В кузнице было полутемно, угарно пахло угольной гарью. В горне под пеплом еще не потух жар. Я огляделся: верстак, ящик с песком, бочка с водой, мятое ведро с машинным маслом.
Дмитрий Макарыч перебирал железо на верстаке.
— Гришка! — кричал он. — Старый дурак! Тут были два бруска хорошего металлу. Где они?
Гришка Шохин, мужик лет шестидесяти, стоял с щипцами в руках и молчал.
— Шебалда! — не унимался хозяин. — Пута волосяная! Я их в тряпицу завернул. Ведь сказано было: прибери!
Он увидел меня.
— А Митрий... Раздуй-ка огонь.
Я взялся за сухой и гладкий деревянный рычаг и принялся качать мехи.
— Погоди. Сперва угольку принеси.
Я выбежал за углем и в дверях столкнулся с моряком. Он пропустил меня и молча прошел в кузницу.
— Добро, — говорил Дмитрий Макарыч, оглядывая нас, — послал бог работников. Становись, Прошка, к мехам.
Я высыпал на кирпичный под уголь, моряк стал качать мехи. Дмитрий Макарыч смотрел, как он работает.
— Хорошо, Прошка, только не рви, ровней качай.
Уголь начал парить, окутался дымком, сквозь него пробивались синеватые язычки огня, и скоро уголь занялся ярким пламенем. В кузнице стало светло.
— Осаживай! — крикнул Шохин, ударяя по углю щипцами. Он протянул мне щипцы. — Осаживай уголек.
— Вот они, родимые! — Дмитрий Макарыч сидел на куче лома и разглядывал металлические бруски. — Теперь за дело.
Он забрал у меня щипцы, разворошил жар, сунул туда деталь, которую ему подал Шохин, а за ней — брусок.
— Качай, Проша, качай.
Металл раскалился. Дмитрий Макарыч выхватил из жара деталь, приложил к ней брусок.
— Гришка! — крикнул он. — Держи его на проплешине, прижимай!
Дмитрий Макарыч хищно прищурился и ударил по бруску молотком.
— Прижми, Гриша, прижми...
Он еще несколько раз ударил и перевернул деталь.
— Схватилась! Ах ты, черт! Схватилась. Говорил же, все дело в металле.
Он принялся мягко и часто обивать деталь, снял ее с наковальни, бросил в ведро с маслом. Выхватил, оглядел, снова швырнул в ведро.

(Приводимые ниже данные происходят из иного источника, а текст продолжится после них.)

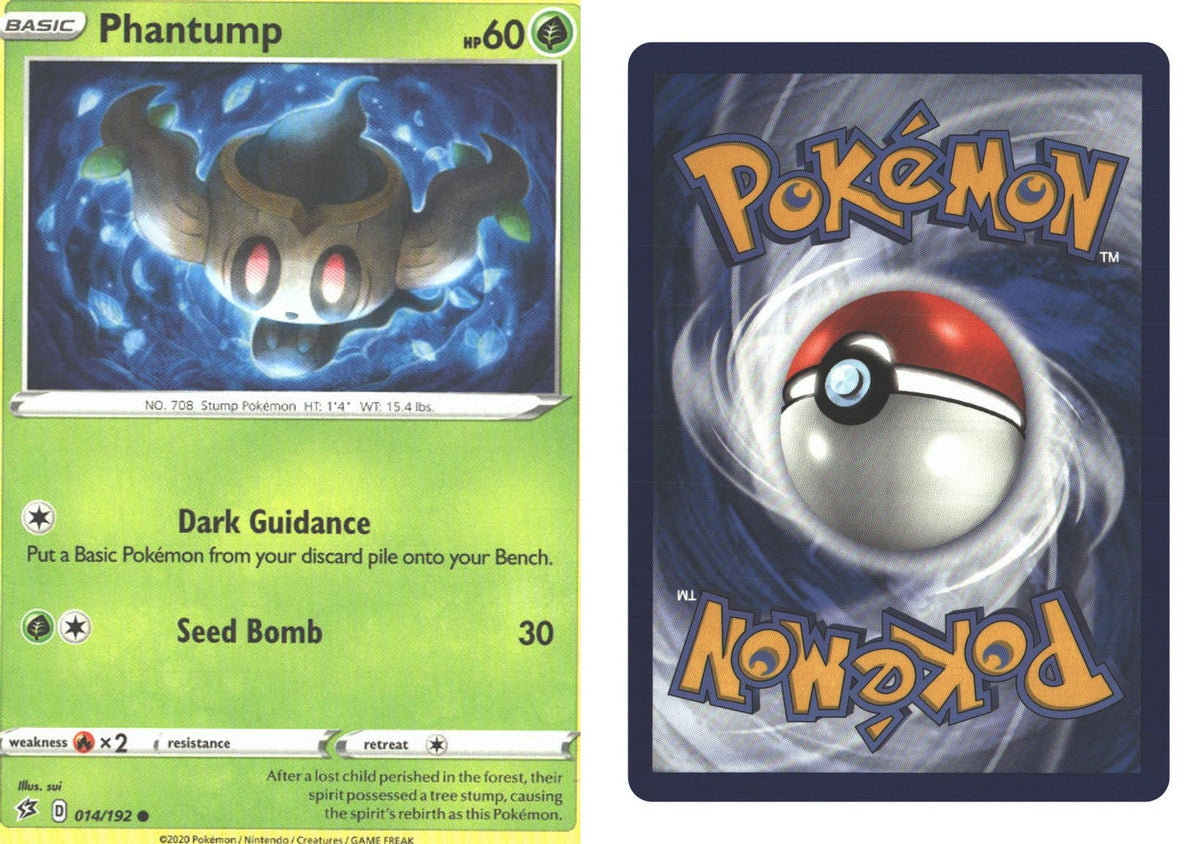 Front + Back scan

— Схватилась! Теперь послужит. Куда ей деться. — Дмитрий Макарыч оглядел нас. Мы стояли рядом с Шохиным, моряк вытирал пот со лба флотской шапкой. — Что делать будем? Председатель тут про скобы говорил. Дело пошло, так, может, и скобы сладим?
Он выбрал из кучи лома несколько прутьев, отдал их Шохину.

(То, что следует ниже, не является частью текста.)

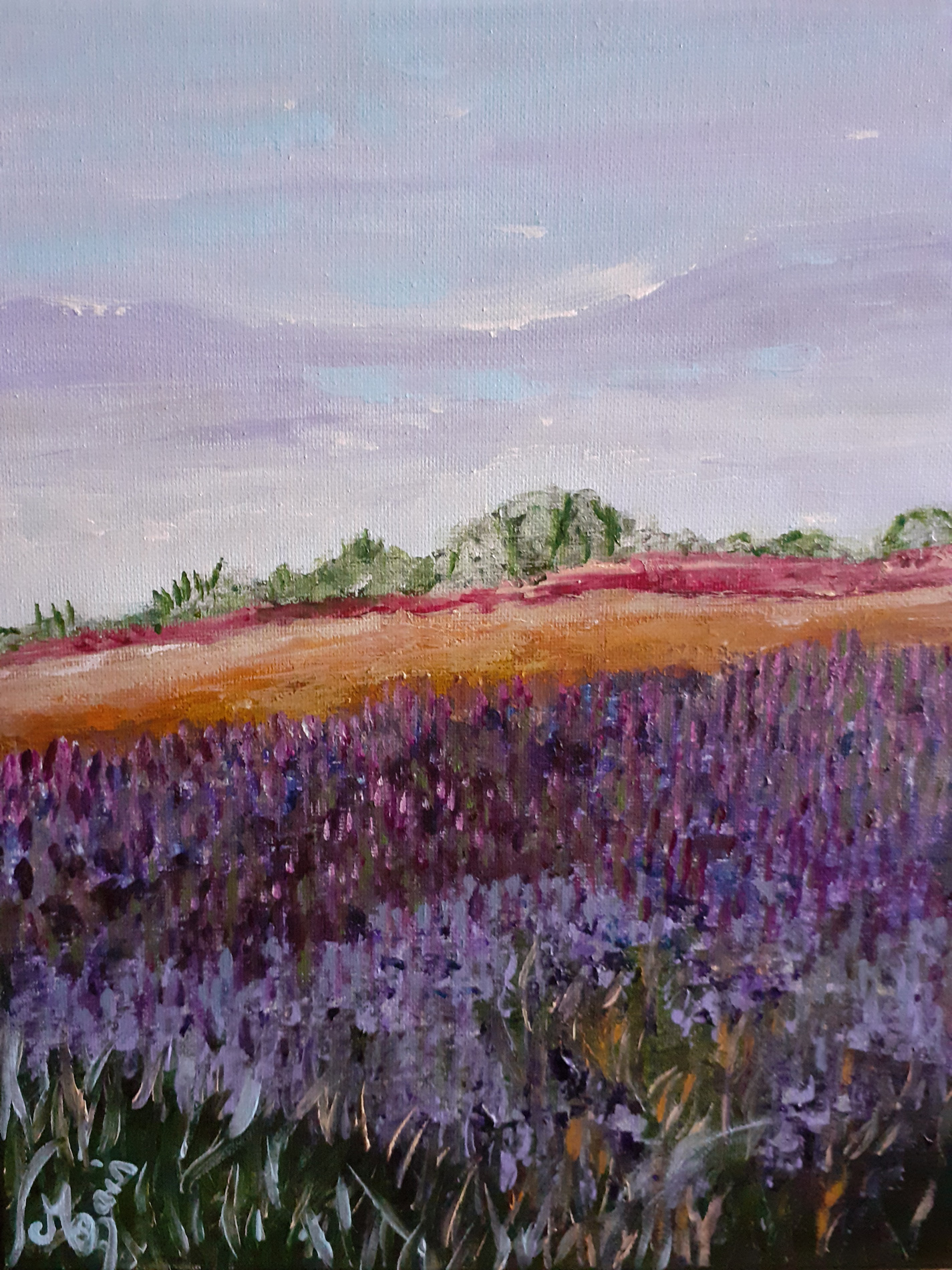 Champs de lin en Berry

— Руби их, курицын сын! — сказал он весело. — Митя, сыпни угольку. Проша, к мехам.
Шохин нарубил заготовок, раскалил их. Он выхватывал прутья из жара, бросал на наковальню. Дмитрий Макарыч бил по ним молотком, и не бил даже, а мял податливый металл, швырял поковки на земляной пол, и они сразу подергивались синеватым налетом. В кузнице стоял сладковатый запах окалины. А мой хозяин уже обивал другой прут, и новая скоба летела на пол. Он разошелся, торопил нас, кричал, смеялся. Скоро на полу лежала гора синеватых скоб.
И вдруг стало тихо. Жар в горне остывал, покрывался сизой пленкой и белесым рыхлым пеплом. Все молчали. Дмитрий Макарыч тоже молчал, стоял и медленно огребал щипцами шлак в горне.
Мы вышли из кузницы. Шохин помял шапчонку, сказал: «Покуда», — и скрылся в темноте. Скоро и моряк стал прощаться.
— Ты куда, Прохор? Айда ко мне, закусим чем бог послал.
— Нет, Макарыч. Я домой.
— Брось, Проша. Хозяйка ждет. Заходи, посидим.
— Ладно. — Моряк швырнул цигарку и зашагал. — Буду! — крикнул он на ходу.
— Ему сейчас выпить надо, — сказал я. — Он выпить пошел.